Samraat felt enormously exasperated. Abhinav could be such a girl sometimes: talking in riddles, expecting everyone to understand and then getting outraged when nobody did.

Samraat gave a start as his brother honked loudly to jerk him out of his reverie. “Get in the car before it’s my next birthday!”

***

Ramya laughed. “You are so funny!” Samraat was well aware that he actually wasn’t, but she was still smiling. Which could mean only one thing: he was so in!

He decided to try his luck. “Wanna dance?”

Ramya looked thrilled. “A doctor who can dance? Are you for real?”

He flashed his dimples at her. Things were going to get interesting!

There was a sudden explosion of loud music from the bar they were resting on. Samraat looked down to find his phone ringing. Talk about rotten timing!

“Hi Preeti.” Samraat answered, his tone making it amply clear to his sister that he wasn’t at all happy with the interruption.

“Are you guys okay?” She was screaming hysterically despite the sore throat that had prevented her from coming out that night.

“Of course!

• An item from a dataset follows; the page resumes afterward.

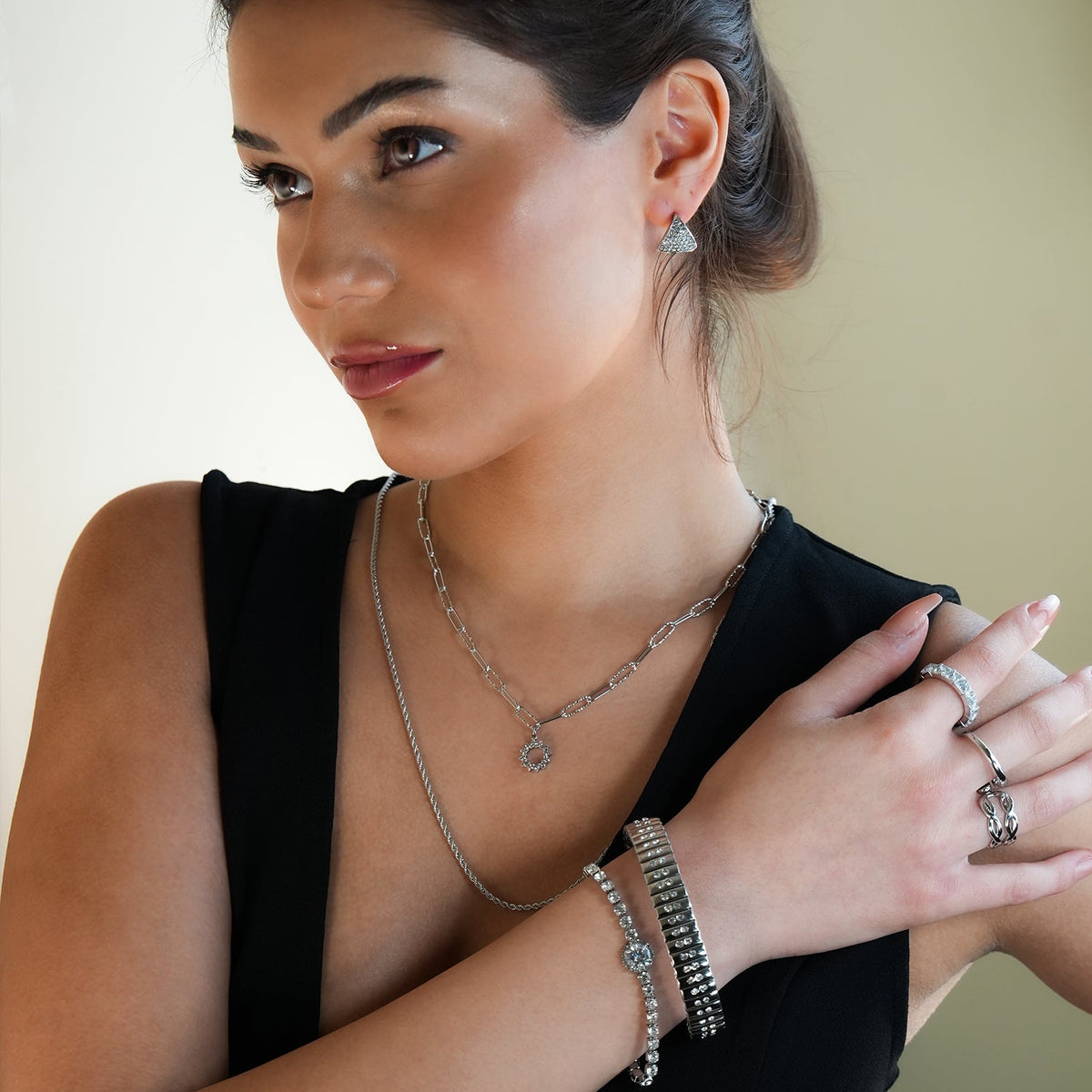 FRETTA : collier chaîne trombone avec pendentif étoile en zircons, or blanc (ton argent)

Why?”

“Listen; get out of there right now! But be careful!”

“What’s wrong with you?”

“You guys are at Prive, right?”

“No. We chose Velvet Lounge instead.” He heard a sigh of relief. “Preeti, what’s happening?”

“There are terrorists all over South Bombay!”

“WHAT?” Samraat thundered disbelievingly. Ramya looked scared.

“There was firing at Leopold’s, and now there are 2 armed guys shooting around at VT! Please get home!” Preeti was clearly almost in tears. “I know you guys are far away but who knows where the rest of these crackos are? Mum and Dad aren’t in town and I can’t be alone. Please!”

“Yeah, we’re leaving right now. Don’t worry.”

“ABHINAV!” Samraat roared as he flung cash on the counter.

“What’s going on?” Ramya asked him, fearfully.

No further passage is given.